Situate Us

Be sure you put your feet in the right place, then stand firm.” Abraham Lincoln

“Tell us where we are.” This is the feedback I hear over and over again from my critique group when it’s my turn to discuss my work. “Situate Us.” And finally this week the advice sunk in. Or at least it moved me to take a closer look.

I went back and reviewed what I’d written so far for my new novel. Specifically, I looked at the first paragraph of each chapter. I always seem to create many characters. Don’t ask me why. They appear, and then they become so integral to the story I can’t get rid of them. Or more correctly, they won’t leave me alone.

So first off, I checked to see if I’d named the character in the first paragraph of each new chapter. This is especially important when you have different characters. As a reader starts into a new chapter, he or she needs to know right away whose perspective and version of events they are reading.

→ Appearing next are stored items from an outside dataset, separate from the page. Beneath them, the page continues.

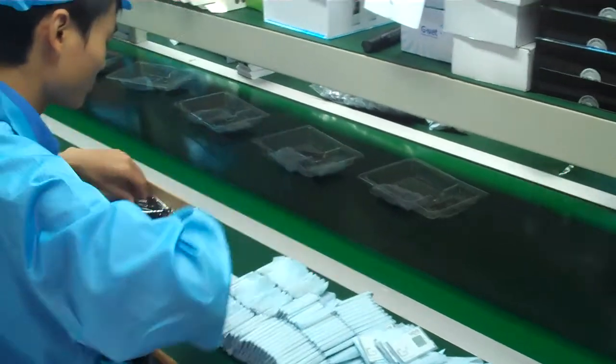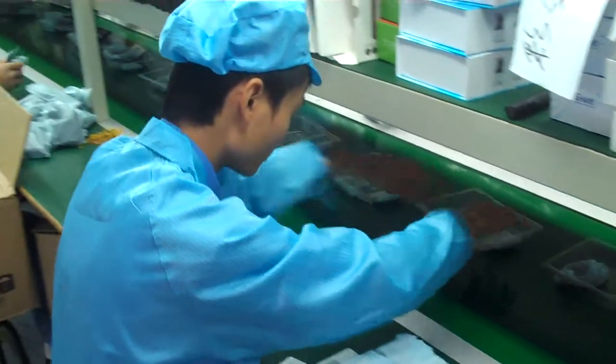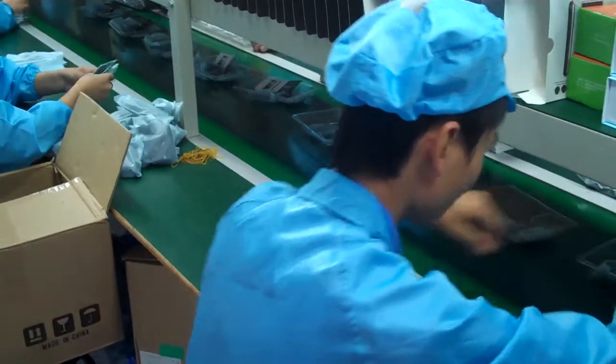So these phones are being produced for two customers — a customer in Indonesia and another customer in India.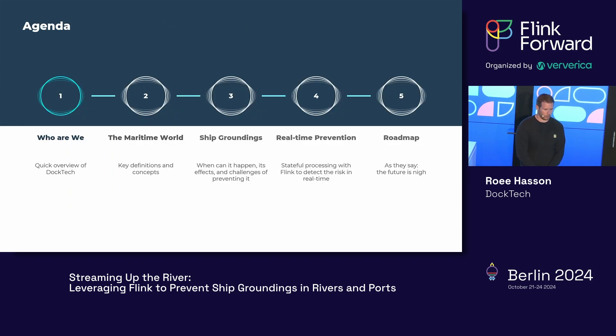So what are we going to be talking about? First, a little bit about who we are — who is Doctech and what we do. Then a little bit about the maritime world, just to understand ship groundings. Then about ship groundings — when and how they can happen and the effects. Then we'll dive into the real-time prevention solution we implemented using Stateful Flink. And then what we can expect ahead.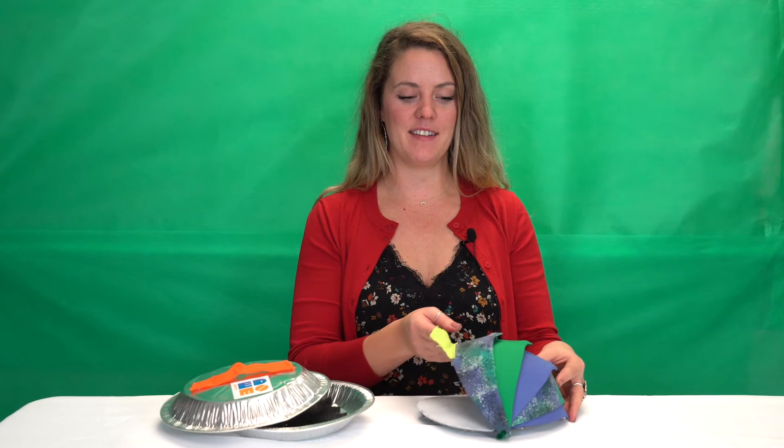And for our second project, the armadillo backpack, we're going to be looking at some different defenses that animals have and how they've inspired some very cool backpacks.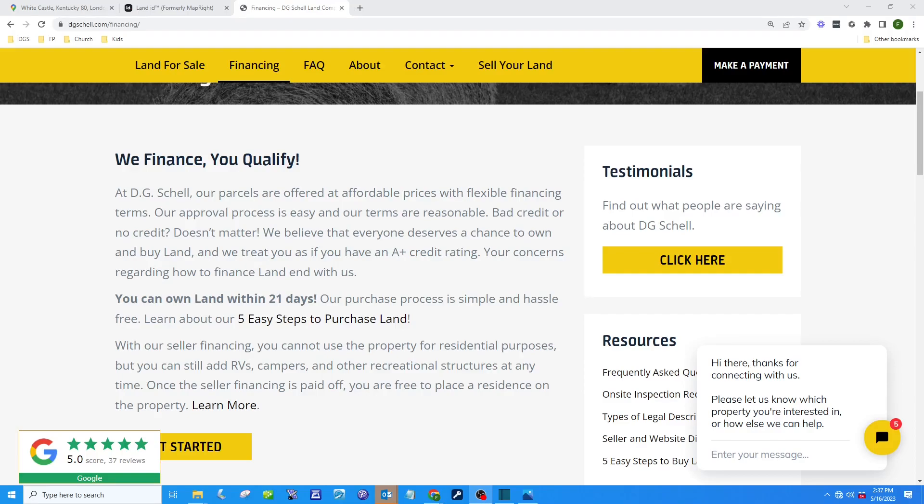Lastly, I want to take a minute to tell you about our financing. On our website, there is a financing tab at the top of the page — be sure to check that out. We have easy approval and flexible term programs set up to fit your budget. Keep in mind that the property cannot be used as your residence during the time of seller financing. Once the seller financing is paid off, you're welcome to use the property as your residence. Most customers pay off the seller financing when they're ready to build, then go to the bank, which lends money on both the land and the structure at that time. Thanks a lot.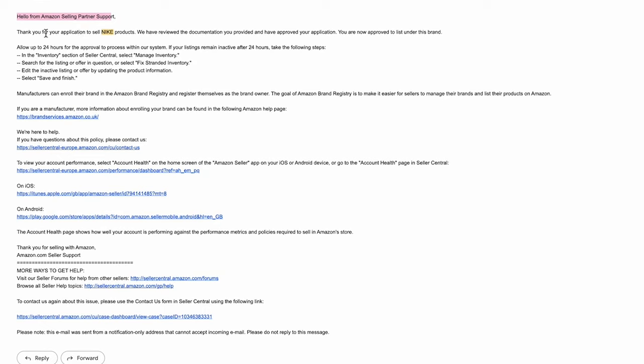The email read: 'Hello from Amazon Selling Partner Support. Thank you for your application to sell Nike products. We have reviewed the documentation and your application has been approved. Please allow 24 hours for the approval process in our system to take place.' And this is how you get ungated in any major brand.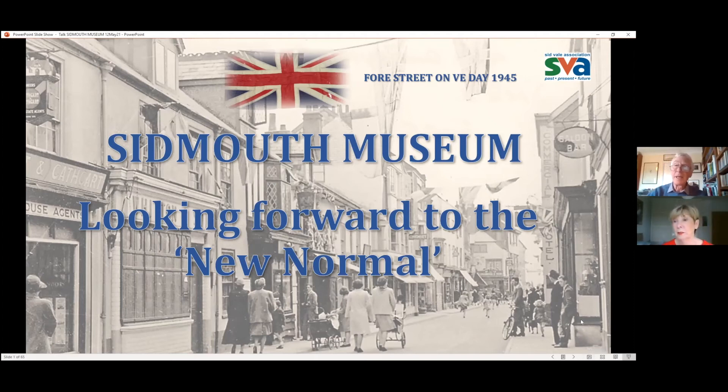I'd like to introduce Anne Tanner, who is our Sidmouth Museum curator. She actually started as curator last year, which was a very difficult time to start because the museum couldn't open, although the museum was extremely active even though it wasn't open to the public. Anne's background is in business in Essex, but she has done a lot of volunteering work. She was chair of an Essex Skills Challenge Awards and was also a regional judge of National Training Awards.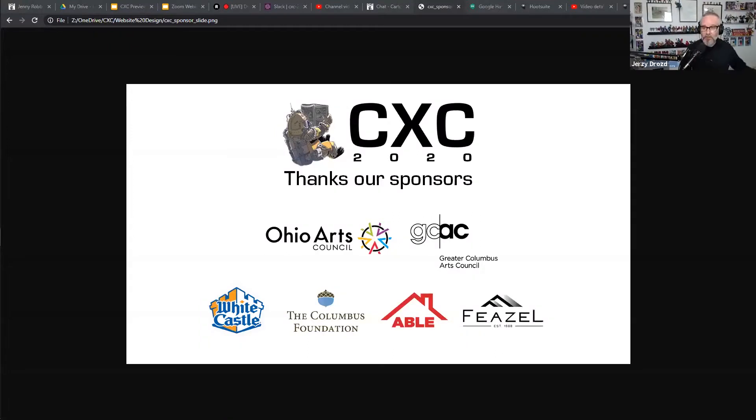Hello, everybody. Thank you for attending CXC 2020. My name is Jersey Drozd. I am the interim executive director of CartoonCrossroadsColumbus.org. Cartoon Crossroads Columbus is a 501c nonprofit and we are sponsored by the Ohio Arts Council, the Greater Columbus Arts Council, White Castle, Columbus Foundation, and Abel and Fiesel. We thank them for their support.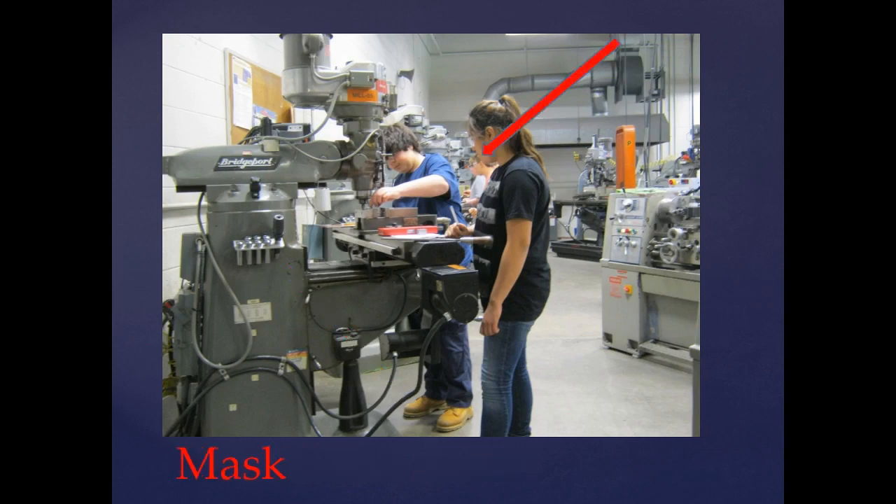This picture was taken pre-COVID, but currently a mask must be worn. And that's about it for shop safety. Thank you.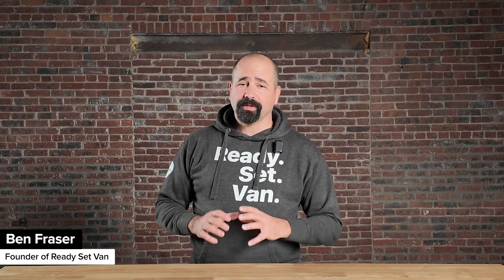Hey, this is Ben from Ready Set Van. I am super excited about today's video — I've been wanting to do it for almost a year now. So much has changed in terms of internet connectivity as far as van life goes. There are things available now that three years ago we couldn't have even dreamed of. It's super exciting, but it can be kind of technical. So we're going to start with the simplest and cheapest solutions and go all the way through to the most expensive and most powerful. Hopefully by the end of this video you'll have enough information to make a well-informed decision about what's going to make the most sense for your van life goals.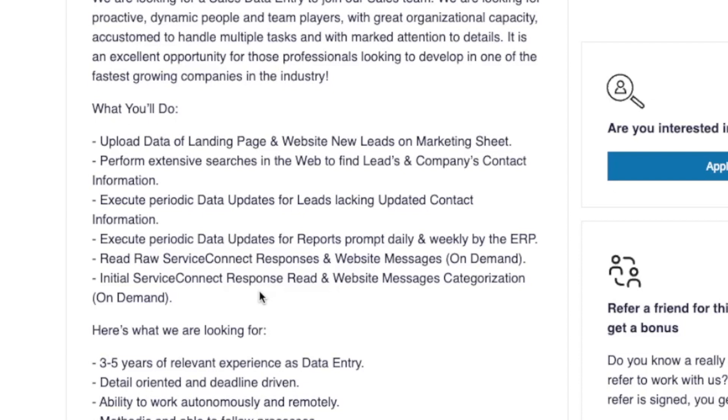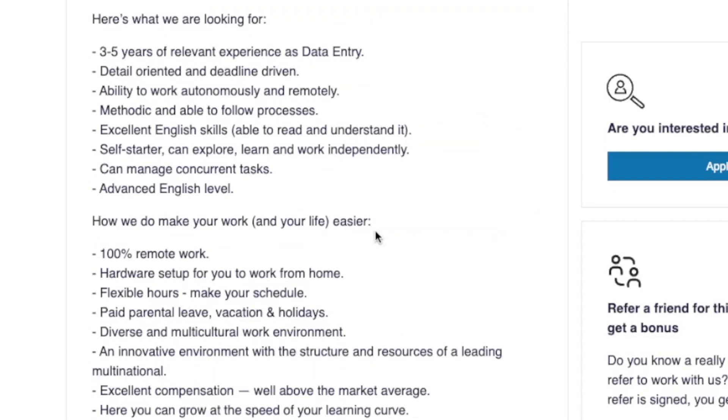You'll execute periodic data updates for leads lacking updated contact information, and periodic data updates for reports — both daily and weekly. You'll also handle initial service connect response, read website messages, and categorization. They are looking for someone who has three to five years of data entry experience, someone who can be detail oriented and deadline driven, can follow processes, has great English skills, can be a self starter, and manage several different tasks — so being a multitasker.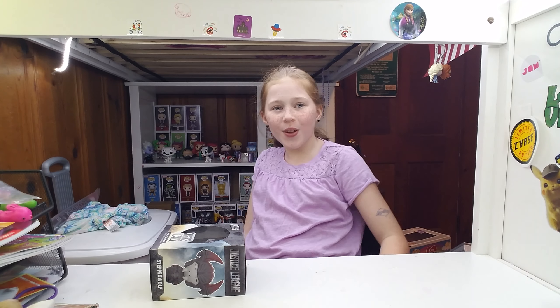Hey guys, welcome back to my video, Pops and Andy. Today, I'm going to be showing you some Funko Pops.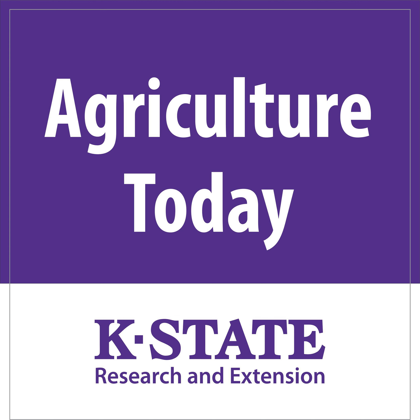FSA does administer a loan program specifically for grain storage, which is our Farm Storage Facility or FSFL program. This program is intended to be used by producers to help them store, handle, and/or transport eligible commodities that they produce. Most commonly, this program is used for storage structures such as grain bins and grain distribution systems.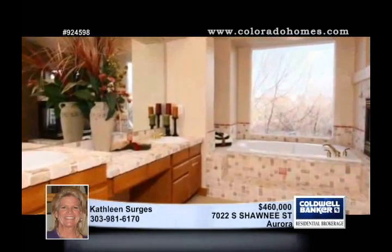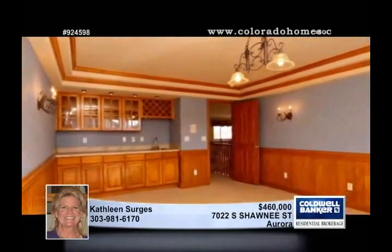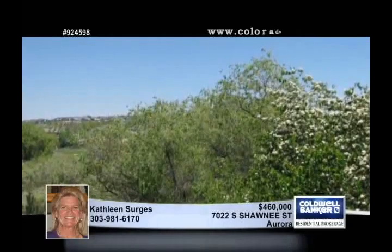A luxurious main floor master includes a fireplace. This ex-model home includes a large bonus room, plus a loft, as well as a huge walk-out basement.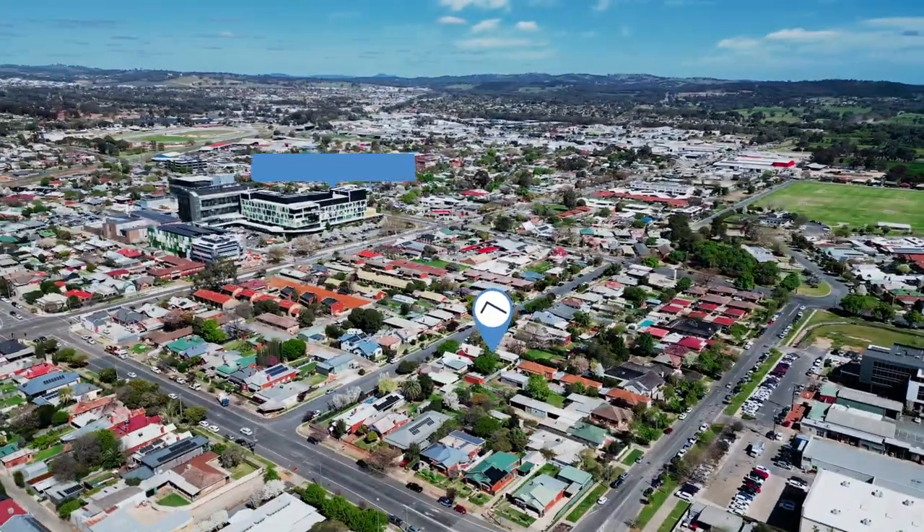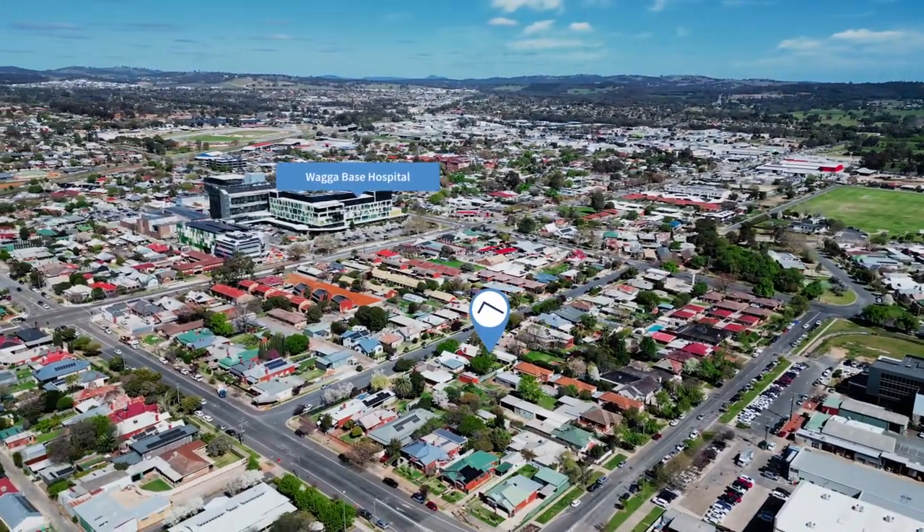If you would like to book your inspection on this rare opportunity, please phone me, Lizetta from Fitzpatricks, to arrange your inspection.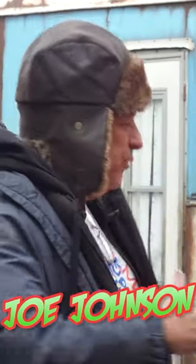Hi, I'm Joe Johnson and I'm here with Mark Claus. Thanks for joining me. Nice to be here.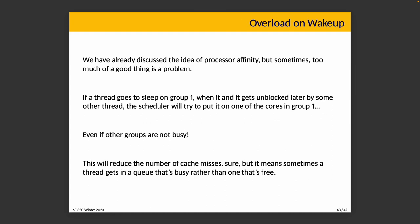The third bug is overload on wake-up, where too much affinity is a problem. If a thread goes to sleep on group one and gets unblocked later by another thread, we try to put it back where it was. But sometimes we should assign it to a group where there are available cores, even if other groups aren't busy. It reduces cache misses but means a thread gets into a busy queue rather than a free one. It's like being at the supermarket checkout and insisting on rejoining your original line even though another cashier has nobody waiting — that's not ideal.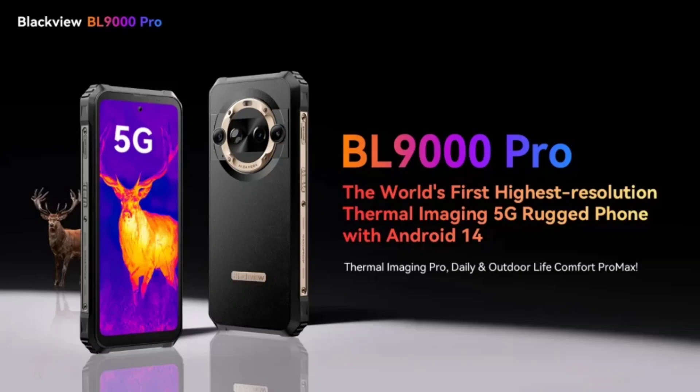Simply put, you get thermal vision with this device thanks to the latest Lepton 3.5 unit. It promises to offer high-resolution thermal capture and even comes with the MyFlip Pro app pre-installed. This resolution is also higher than its predecessor and ensures that your infrared imaging is sharper.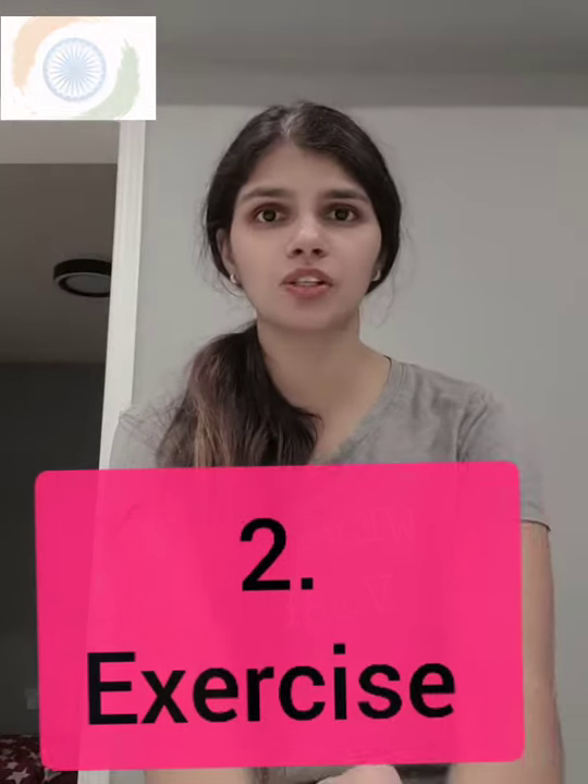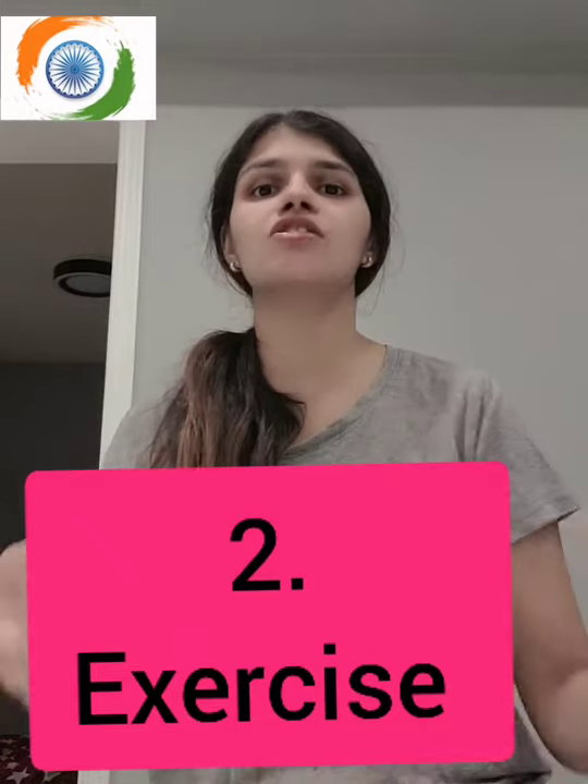The second remedy is certain exercises and stretching. I know there are back pains where you can barely move — in my current situation, I can't sit in one position for more than five or ten minutes and have to keep shifting. But there are certain exercises that, if your body allows, can relieve your pain and make you feel much better.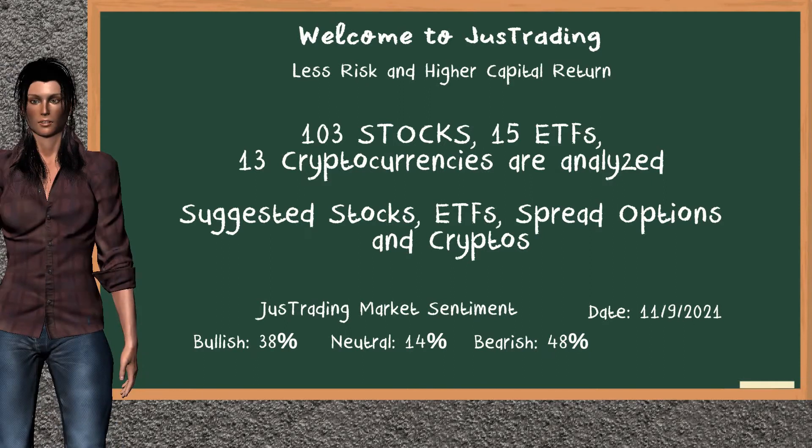Hi. Welcome to Just Trading. In this video, our team gives you an analysis with the information we got after the closing day of November 9, 2021. Our objective is to give you suggestions to trade with less risk and higher capital return. Remember to stop the video at any time if you want to look at it carefully.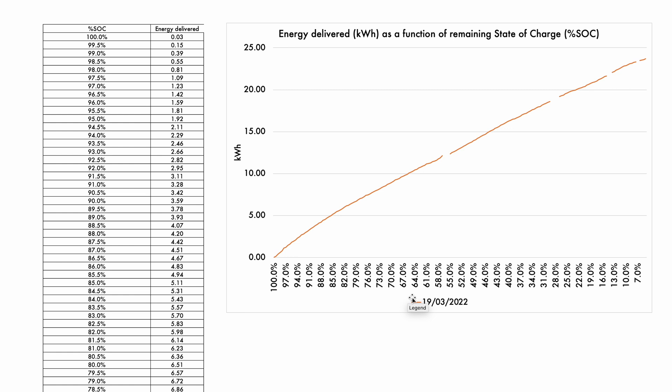The first thing we're looking at is a reference measurement done on the 19th of March 2022, so nine months ago. We're recording using CanIoniq the energy delivered by the battery from 100% state of charge to about 7% state of charge. That gives us the total energy delivered for each and every percentage of state of charge — both the numbers and the graph.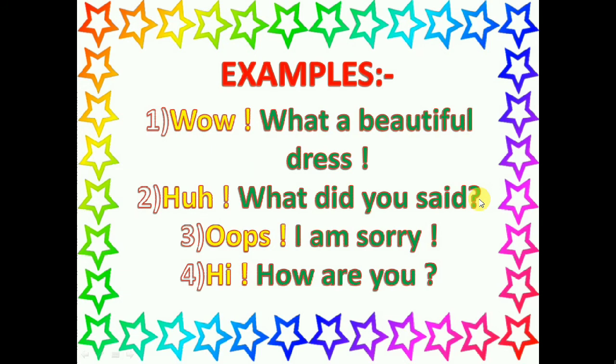For example: Wow! What a beautiful dress! Oh! What did you say? Oops! I am sorry. Hi! How are you?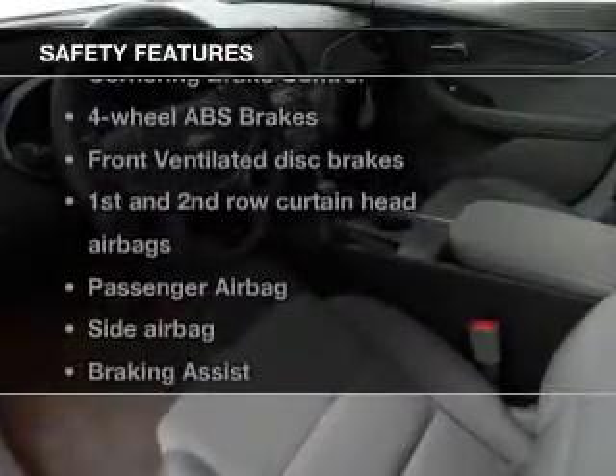If safety is a high priority, rest assured knowing these top safety components are included: front ventilated disc brakes, curtain head airbags, passenger airbag, side airbag, traction control, stability control, and daytime running lights. Our website offers more information on all of our vehicles.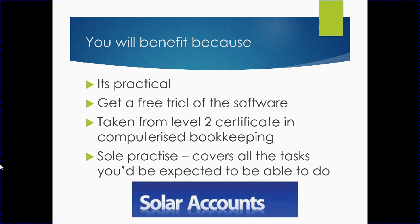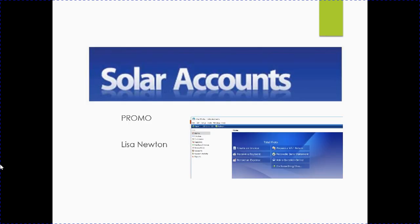So that's Solar Accounts with Lisa Newton. It is taken from a very practical aspect, and I do hope to see you on the course.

I concluded that I named the character pretty consistently in the first sentence of each chapter. However, I found that some of my first sentences started with a he or a she. I only named the character in the second or third sentence. I think overall this is okay, so in some cases, I left the text alone. There will be lots of time for editing.

Next I reread my first paragraphs. 90% of the time I didn’t situate the character. I didn’t comment as to where he or she was or what they were doing. Instead, I started the chapter somewhere in the middle of the story and then three or four or sometimes ten paragraphs later I identified where the character was. I wondered why I did this and how this writing tic of mine could have escaped me.

I like playing with time in my stories, going back and forth from present to past and back again. So that might explain part of it. But I think this habit of not placing the character has more to do with how stories come to me. When I sit down to write, I see an image of the character, I wonder about their history and what brought them to where they are in their lives and then I write the history bit, the back-story before I bother with the present. I must at some level discount the present. Or maybe I’m just trying to find solid ground, the right place to set my foot or rather my pen down.

Perhaps I’m simply trying to understand what has been before.

I don’t know why I do it, but at least I’m aware of it now. I’m sure I’ll do it again and again. As I write this, I realize this is yet another way in which I come to my stories. It’s interesting that I learn something new about myself as a writer every day. Painful, yes, but not a bad thing either.